INSÔNIA, de Stephen King
Imagine a história de um velhinho de 70 anos, esquentado e rabugento, viúvo recente, sem filhos, com problemas de insônia e de solidão, e que mora em uma cidade do interior onde nada de anormal acontece. Provavelmente uma história assim não seria do interesse de muitos leitores, principalmente dos entusiastas do gênero de ficção e de terror. Não seria se o autor não fosse o aclamado mestre universal do terror, Stephen King.
King consegue transformar um idoso, com virtudes e defeitos próprios, não somente no ator principal desta aventura fantástica, como também no herói que todos gostaríamos de ser. Nem que seja aos 70 anos de idade.
“A velhice é uma ilha cercada de morte”. Assim, começa a história de Ralph Roberts que, após a perda de sua esposa para o câncer, passa a ter suas noites de sono gradativamente diminuídas. Apesar dos métodos recomendados por especialistas e das receitas caseiras de conhecidos (todo mundo parece saber alguma!), ele se vê fadado a passar o resto de suas noites em claro e de seus dias em um estado permanente de esgotamento. O pior é que ele começa a ter visões de hiper-realidade, onde passa a enxergar auras multicoloridas em pessoas, animais, plantas e objetos. Estas auras modificam de forma e cor conforme as preocupações, sentimentos e a saúde da pessoa observada naquele momento.
Ralph também passa a conhecer personagens visíveis somente quando está na hiper-realidade, alguns sendo bons, outros maus. Quando descobre que estes estão diretamente relacionados a algumas mortes em sua vizinhança, bem como na mudança radical do temperamento de seu vizinho, Ralph é forçado a decidir se participa ou não em uma luta superior entre as forças do Desígnio e do Acaso. Apesar de não saber a princípio qual é o seu papel neste jogo, ele descobre que passou a ter estranhos poderes e que não está absolutamente sozinho nesta batalha.
Frases como “Cada coisa que faço, faço-a depressa para poder fazer mais outra”, “O que está feito não pode ser desfeito” e “É longa a viagem de volta ao paraíso” vão tomando uma proporção diferente a cada capítulo. A trama é muito bem elaborada e nos faz repensar sobre assuntos diversos que costumamos ouvir sendo debatidos rotineiramente.
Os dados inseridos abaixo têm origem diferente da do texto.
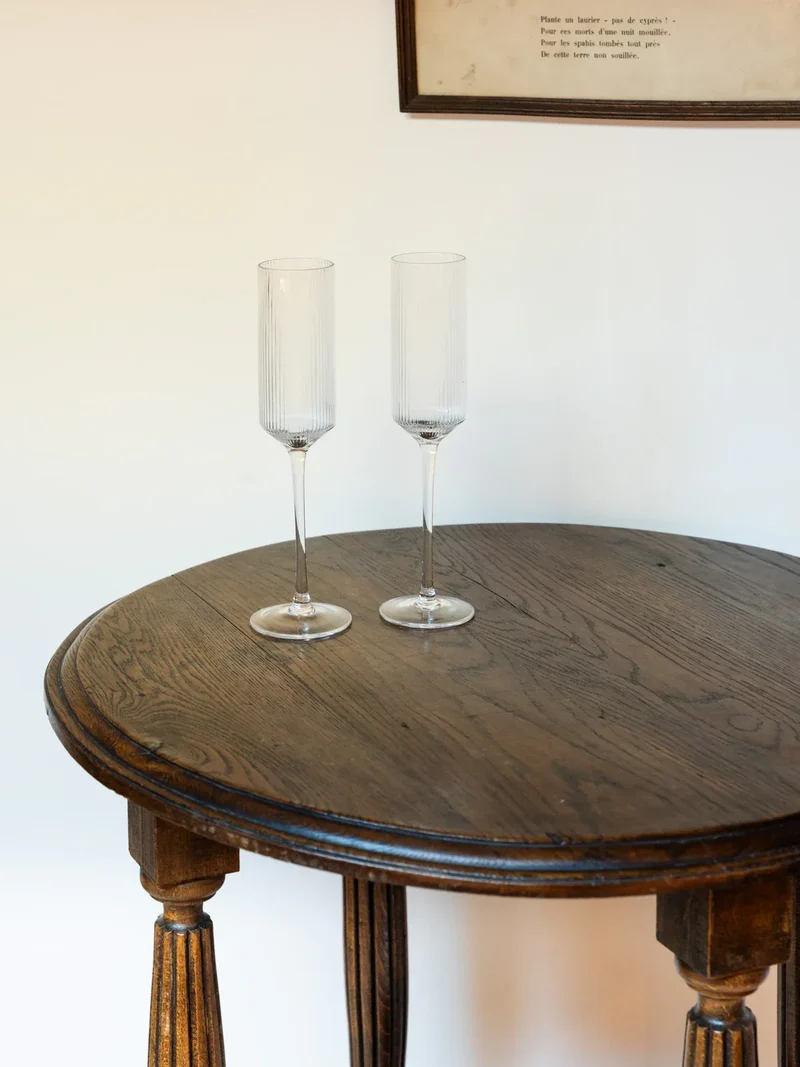Francine, la table d'appoint en bois N°161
Será que o direto de escolha ao aborto é melhor do que o direito à vida de quem ainda não tem escolha? Até que ponto você está inclinado a defender uma causa? E se descobrisse que fora manipulado por outros que querem um objetivo totalmente diferente do que lhe foi repassado? Devemos interferir em casos de violência doméstica? Qual é o limite entre a sanidade e a loucura? Que tipo de sacrifícios em prol de quem você ama está disposto a fazer?
A velhice não é o fim, mas um recomeço. A solidão de perder gradualmente os entes queridos à medida que os anos vão passando, bem como o preconceito por pertencer a uma classe relegada a viver apartada para não atrapalhar a vida dos mais novos podem (e devem) ser superados. As alegrias da velhice ainda são perceptíveis no companheirismo, no amor, no xadrez com os amigos, no carteado das comadres, no bate-papo com os vizinhos, nas caminhadas pela cidade. O verdadeiro amor ultrapassa os limites da morte.
Mas a grande questão na história que King nos apresenta é outra: Será que temos livre-arbítrio para decidirmos nossos destinos ou a nossa vida já está programada desde o início até o fim? Será que todas as nossas escolhas, se não cumprirem a um desígnio menor, não estão obedecendo a um desígnio maior? O acaso pode intervir em nossa vida, ou o acaso também faz parte do desígnio? Bem, para responder a pelo menos algumas destas perguntas, experimente ler Insônia, e descubra se isto estava escrito no seu destino ou se foi simplesmente acaso.